Czy Warto Studiować Komunikację Społeczną?

Opublikowane przez Barbara w dniu

Komunikacja społeczna początkowo stanowiła dla mnie miły dodatek do filozofii. Wtedy ten kierunek był zupełną nowością, a ja byłam dopiero drugim rocznikiem, który go studiował. Plan zajęć zmieniał się dynamicznie i ciągle jeszcze się kształtował. Stanowiliśmy pewnego rodzaju eksperyment i nikt tego nie ukrywał. Podczas zajęć opieraliśmy się przede wszystkim na tekstach źródłowych, filozoficznych, korzystaliśmy z badań językoznawczych i kognitywnych. Przerabialiśmy artykuły z uznanych zagranicznych czasopism naukowych, czyli wtłaczaliśmy w siebie wiedzę nowatorską i bardzo świeżą. Podręczników akademickich do tej dziedziny było jak na lekarstwo nie mówiąc o literaturze popularnej.

I choć studia ukończyłam dwanaście lat temu, to dopiero po przeczytaniu tej książki zdałam sobie sprawę, jak bardzo na owe lata był to kierunek nowoczesny i rozwijający się. Z pewnością nie jestem na bieżąco, ale Język. Narzędzie kultury (Daniel L. Everett) to pierwsza tak kompleksowa publikacja zawierająca popularne zagadnienia z komunikacji społecznej, na którą trafiłam. I muszę powiedzieć, że przypomniała mi kilka ważnych kwestii językowych i w ogóle.
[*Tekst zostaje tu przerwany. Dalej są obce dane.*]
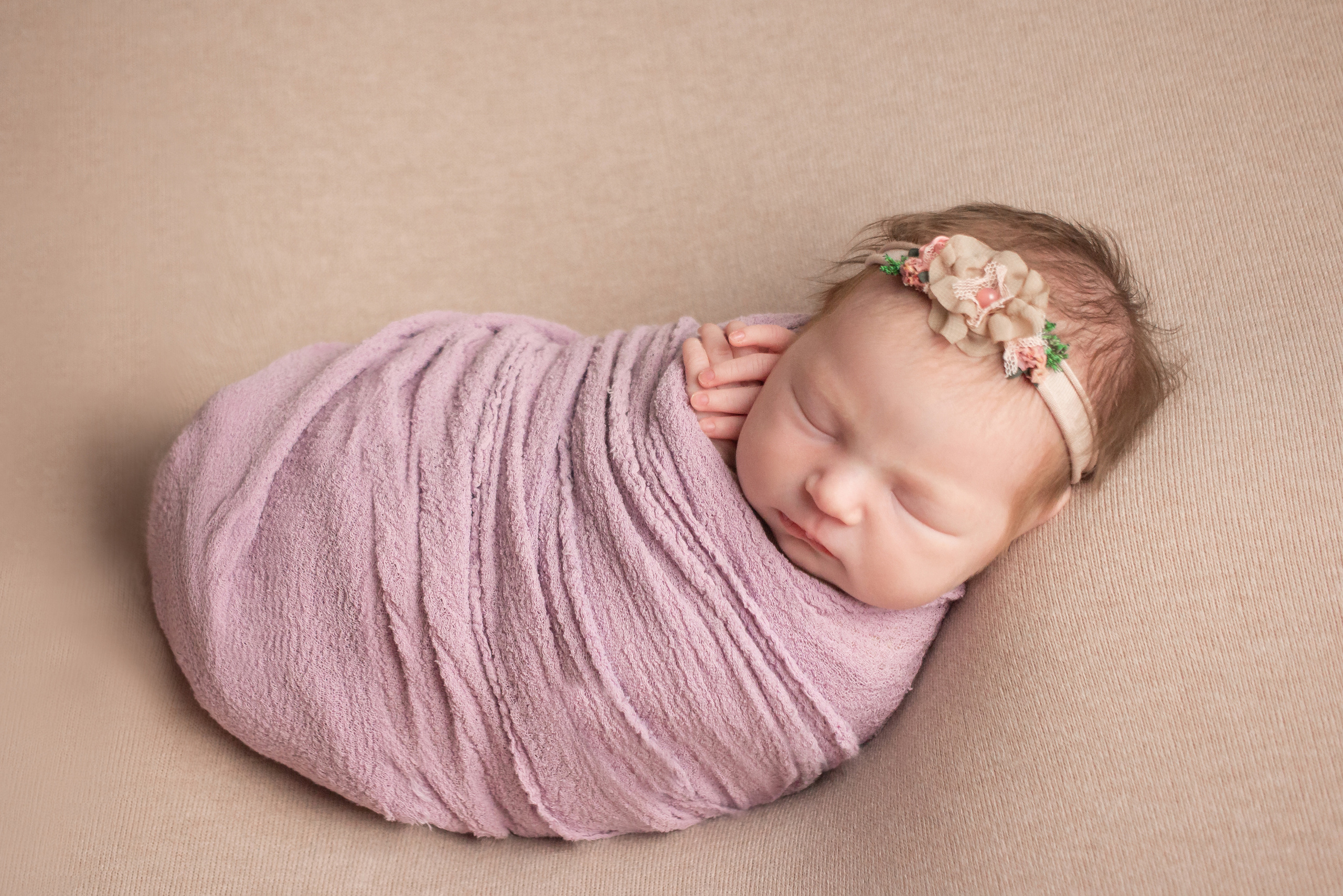 Классический стиль newborn. Фотограф новорождённых Анапа Елена Кушнарь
Pamiętam jak założyciel naszego kierunku, prof. Bolesław Andrzejewski często powtarzał na zajęciach, że jesteśmy „homo communicativus” i ten zwrot przeszedł u nas na roku do języka potocznego, często się nim posługiwaliśmy i miał on dla nas – wtajemniczonych – pozytywne znaczenie. W pewien sposób spajał naszą grupę i sprawiał, że czuliśmy się odrobinkę wyjątkowo. Dzisiaj mogę powiedzieć, że to hasło okazało się bardzo trafne i przewidujące, niemalże pionierskie, komunikacja faktycznie stała się dziedziną przyszłościową, stała się teraźniejszością i na niej oparliśmy współczesny świat.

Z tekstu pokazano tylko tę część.